Özcan war mit großem Abstand der Passsicherste aufseiten der Istanbuler (92 Prozent Erfolgsquote) und bestach auch durch eine starke Zweikampfführung (80 Prozent gewonnen).

Özcan bremst Bruno Fernandes aus: "Darauf habe ich Bock!"

Das Leben und Wirken von Uniteds Spielmacher Bruno Fernandes auf dem Platz litt sichtlich darunter und sobald die Kreise des Portugiesen, der seit seinem Wechsel im vergangenen Winter in 32 Spielen auf wahnsinnige 28 Scorerpunkte kommt, eingeengt sind, geht nicht mehr viel bei Manchester United.

Und so hatte Özcan, der noch auf seine erste Torbeteiligung bei Basaksehir warten muss, nicht unbedingt den kleinsten Anteil am Sensationscoup der Türken. Es sind Spieler wie Bruno Fernandes, der unter Solskjaer Herzstück der United-Offensive und wichtigster Baustein ist, mit denen sich Özcan auch sehr gerne weiterhin messen will.

"Wenn du einmal Champions League gespielt hast, willst du es nie mehr missen", erklärt er: "Du spielst gegen die besten Spieler der Welt, kannst dich mit ihnen messen und schauen, auf welchem Niveau du selbst bist."

Von seinen bisherigen Gegenspielern ist ihm besonders Kylian Mbappe von Paris Saint-Germain in Erinnerung geblieben. Der sei ihm "enorm aufgrund seiner Schnelligkeit und Dribbelstärke" aufgefallen. Top-Stars wie Mbappe oder auch Neymar zu stoppen, sei "für jeden eine Herausforderung", sagt Özcan, "aber das macht die Champions League aus. Darauf habe ich Bock."

Champions League: Tabelle der Gruppe H mit Basaksehir

PlatzSpSUNTGDiffP
1320183+56
2320146-26
3310244+03
4310225-33

Özcan beginnt beim VfB Stuttgart als Offensivspieler

Dabei war das mit dem "Gegner stoppen" eigentlich gar nicht das, wofür Özcan lange Jahre in der Jugend des VfB Stuttgart ausgebildet wurde. Dort spielte er in der U17 und U19 größtenteils als Zehner oder gar als hängende Spitze - und das sogar recht passabel. 20 Tore und 21 Vorlagen in jahrgangsübergreifend 65 Spielen sprechen für sich.

Doch schon in seiner Profidebütsaison beorderte ihn der damalige Stuttgarter Trainer Hannes Wolf eine Position nach hinten, zunächst tat das seinem Aufstieg keinen Abbruch. Zwar wurde Özcan immer mal wieder zur U19 beordert, war jedoch dennoch ein regelmäßiger Gast im Profikader und sogar in der Startelf.

Erst als Wolf bei den Schwaben entlassen wurde und an seiner Stelle Tayfun Korkut das Ruder übernahm, wurde es für Özcan schwieriger. Korkut schob den damals erst 20-Jährigen immer wieder in die 2. Mannschaft ab. Am Ende ging Özcan im Januar 2019 zum HSV, wo mittlerweile sein Stuttgarter Förderer Wolf als Trainer übernommen hatte.

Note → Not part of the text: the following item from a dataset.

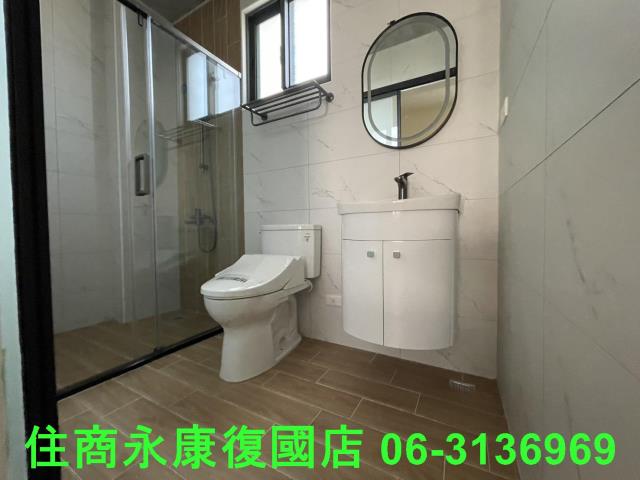 台南安南透天-12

In der Rückrunde war Özcan bei den Hanseaten gesetzt, doch die Mannschaft verpatzte im Saisonendspurt den Wiederaufstieg in die Bundesliga. Wolf musste abermals gehen und mit ihm zog auch Özcan weiter.

Özcan scheitert beim HSV: "Bekam Signale"

"Ich bekam Signale, dass der neue Trainer (Dieter Hecking, d. Red.) nicht mit mir planen würde", sagte Özcan vor ein paar Wochen im Interview mit Sport1: "Dann kam die tolle Chance bei Basaksehir, das sich schon früher öfter um mich bemüht hatte."

"Aus Deutschland geflohen", sagt er, sei er nicht und auch halte er noch Kontakt zu einigen Leuten beim HSV. Den Wechsel, der zunächst auf Leihbasis angelegt war und in diesem Sommer endgültig fixiert wurde, bereut er jedoch keine Sekunde.

"Mit dem HSV bin ich nicht aufgestiegen und jetzt darf ich Champions League spielen. Der Wechsel war rückblickend also die richtige Entscheidung", erzählt er. Und unter dieser litten am Mittwoch besonders Bruno Fernandes und Manchester United.